The peace here, I can touch it, and I can't help but notice that for several weeks now, I've felt a warm hand on the small of my back, holding me up like I only just learned to walk.
I'm going to start hitting the educational videos again. And I'm going to take notes. I want so much to return to the love of learning I used to have when I was 15 or 16, like I had as an undergraduate, before knowledge became something I hoarded in fear that someone would find out how little I really knew, before knowledge became something we used to feel bigger and better. I just want to have a secret notebook full of quotes and ideas, ideas I'm following without purpose, a random walking through thinking beyond myself and into the joy of....what? The joy of the wonder of the world and what others have made for Him from the gifts He gave them. I want to see those things, read those things, think about those things, and maybe that will shake my thinking free again, ignite the kind of courage I had when research was "organized curiosity," as Zora Neale Hurston once said. This is the prayer I think I'm getting at: Lord, teach me to be curious again.
The harvest haze extends beyond the headlights of the neighbor pulling out, following the dusty twin lights that take him home.
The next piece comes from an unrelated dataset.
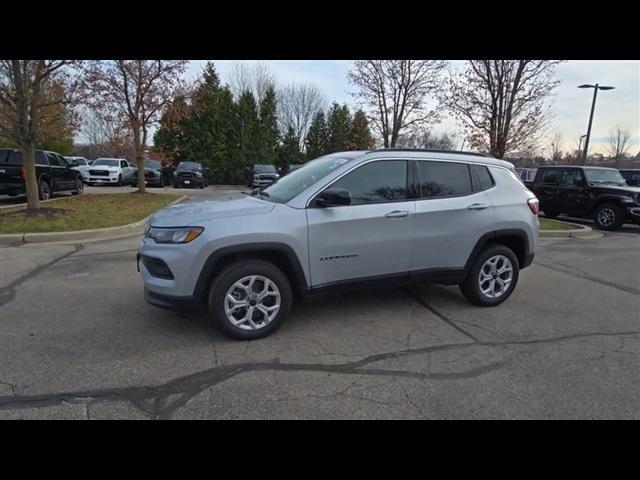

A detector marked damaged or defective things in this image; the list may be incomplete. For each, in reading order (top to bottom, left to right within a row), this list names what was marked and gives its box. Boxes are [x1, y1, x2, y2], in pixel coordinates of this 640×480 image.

crack in asphalt [0, 244, 84, 308]
crack in asphalt [0, 332, 636, 418]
Nora and I have an entire day with nothing to do tomorrow. So far I'm thinking train ride at the Goehner museum, lunch at Plum Creek, move the daybed up from the basement into her room and redecorate "big girl" style, pull the carrots (they're starting to go to seed), do a bit of canning (carrots, crabapple jelly), throw something in the crock pot early, pick the few apples we have and make some apple crisp, hang the basil to dry, freeze a bit more pesto, and teach Nora a little bit more of the alphabet. Oh, and I have about 8 pounds of essays to put up, too.